ただし、HL-Reportはただ「恩返し」のために作られたサービスではない。ゲームユーザーのDApps利用を普及させていきたい同社の目的に沿って作られたサービスでもある。
DAppsの利用者拡大と開発環境整備を「健全に」進めたい
DApps、つまりブロックチェーン上の分散アプリケーションは、新たなゲームプラットフォームとして注目を浴びている。最初に大きなバズを引き起こしたDAppsである「CryptoKitties」は、ブロックチェーンに記録された多種多様な「猫」を集めるゲームだった。従来のゲームとの違いは「猫」がEthereumブロックチェーン上のノンファンジブルトークン(NFT、非代替トークン)として記録されていたことだ。ブロックチェーンの特性により集めた「猫」の偽造や複製がほぼ不可能となり、またそのような希少性を保ったまま譲渡することもできる。いわばトレーディングカードのデジタル版である。

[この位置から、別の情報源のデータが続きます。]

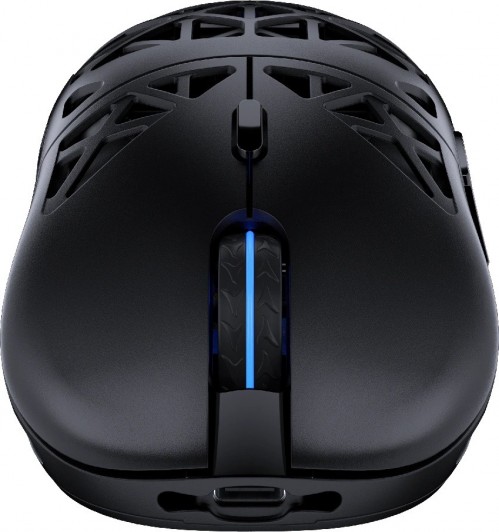 Endorfy LIV Wireless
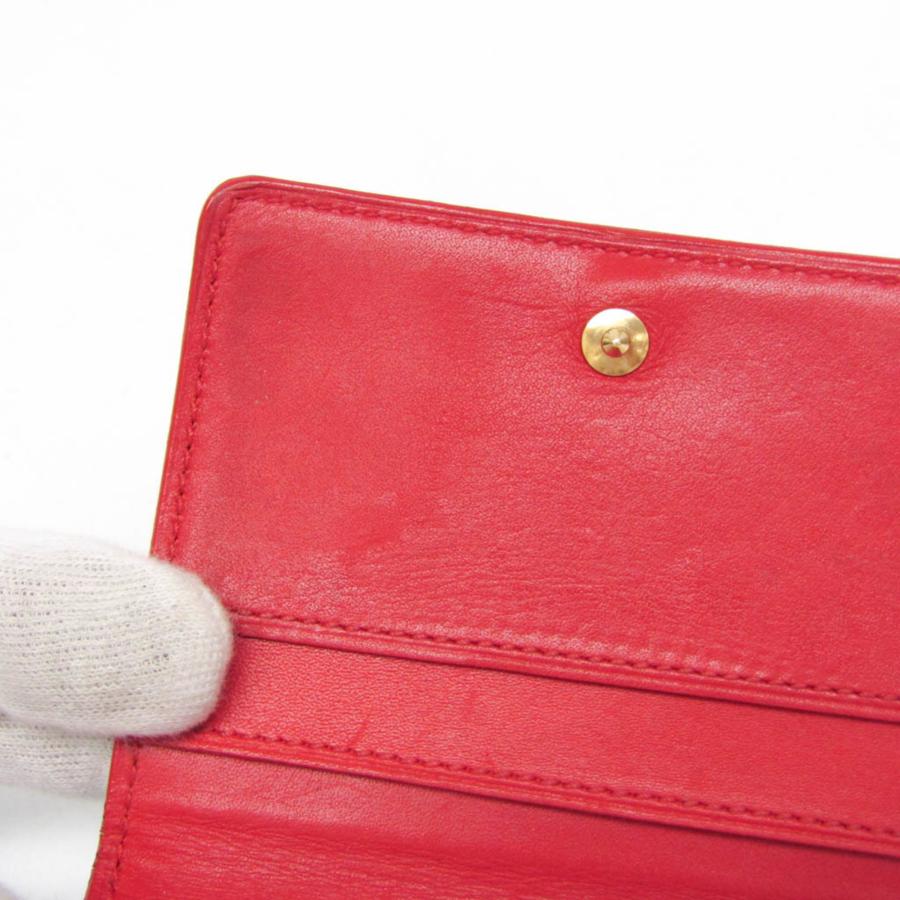 LOUIS VUITTON（ルイ・ヴィトン） モノグラムヴェルニ ラドロー M91090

HL-Reportが扱う「レキシコネクト」のユーザーデータは、技術的にはユーザーどうしで交換可能なトークン(ERC721 NFTトークン)となる。その法的な扱いについて、ビットファクトリーは検討を重ねた。その検討の中間報告にあたるBlogエントリも公開している。
トークンが市場価値を持つ場合、トークン(キャラクターやアイテムなど)をランダムに引き当てる「ガチャ」が賭博にあたると判断されるリスクや、資金決済法が定める仮想通貨交換業でなければトークンを取り扱えなくなるリスクが出てくる。そこで、「ガチャ終了後に、トークン化の施策を告知する」ことで賭博の要素を排除し、またトークンの交換市場はHL-Reportではサポートしない形としている。
今回のDAppsは、同社にとってはゲーム利用者にトークン、ウォレット、DAppsといった基本的な概念を普及させるための第一歩となる取り組みだ。そのほか、同社はDApps普及の取り組みとして「Uniqysプロジェクト」を推進し、DAppsにアクセスしやすいスマートフォン上のウォレットアプリ「Quragé」や、DApps開発者向けの「Uniqys Kit」をリリースしている。利用者数、法整備、開発環境などの観点から、現在はDAppsのゲームを作るよりも、まず利用者を増やす施策を打ち出し、開発者向けプラットフォームの整備を進める時期だと同社は判断している。「ブロックチェーン業界が健全に成長していくための取り組みを進めていきたい」と中山氏は語っている。